Category Modes Guarded Partially guarded Unguarded
Catastrophic F1, F12 F1 F12
High harm F2, F3, F4, F11 F2, F4, F11 F3
Medium harm F5, F6, F7, F8 F5, F6 F7, F8
Low harm F9, F10 F9, F10

8 of 12 failure modes are fully guarded by automated tests. 4 are partially guarded (the test catches the effect but not all vectors). 2 operational modes have no automated coverage (staleness banner is the manual fallback).

What the eval harness cannot catch

  1. Plausible-but-wrong numerics (F3 residual). If the model says 48,000 evacuees when the real number is 50,000, no automated test flags it. The 50% drop gate catches gross errors, not subtle ones.

  2. Coordinated prompt injection (F12 residual). If an attacker controls ≥2 indexed sources and one spoofs an official domain, the corroboration gate passes. This requires a sophisticated, targeted attack — low probability, but the architecture doesn’t structurally prevent it.

  3. Silent cron death (F9).
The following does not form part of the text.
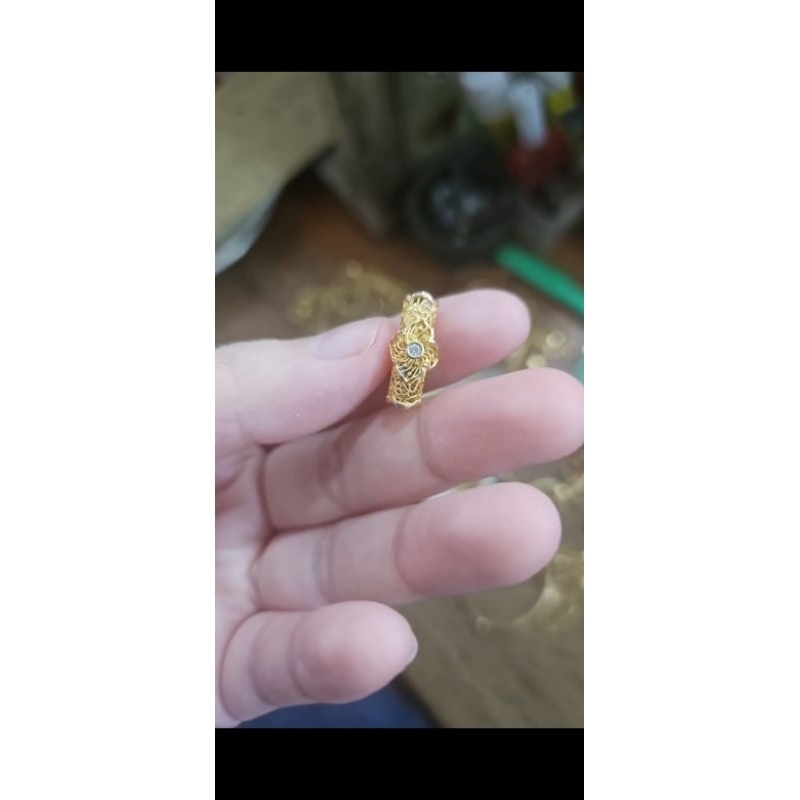 Charm liontin slobok gelang kalung pipa kuning kendari bunga lucu emas asli 375 8k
The pipeline has no external heartbeat monitor. If the cron stops and the staleness banner has a bug, users see no signal. Mitigation: the staleness banner is tested (P0-3), so both would have to fail simultaneously.

  4. Subtle semantic drift. The model might gradually shift tone (more alarming, more reassuring) without triggering any binary test. The human review step is the control here, not the eval harness.

Design lesson

The eval harness is strongest where the failure mode is binary and catastrophic (all-clear vs. not, fabricated vs. real, stale vs. fresh). It’s weakest where the failure mode is continuous and subtle (slightly wrong numbers, gradual tone drift, sophisticated injection). This matches the priority: the binary-catastrophic modes are the ones that could kill someone; the continuous-subtle modes degrade quality but don’t create false safety signals.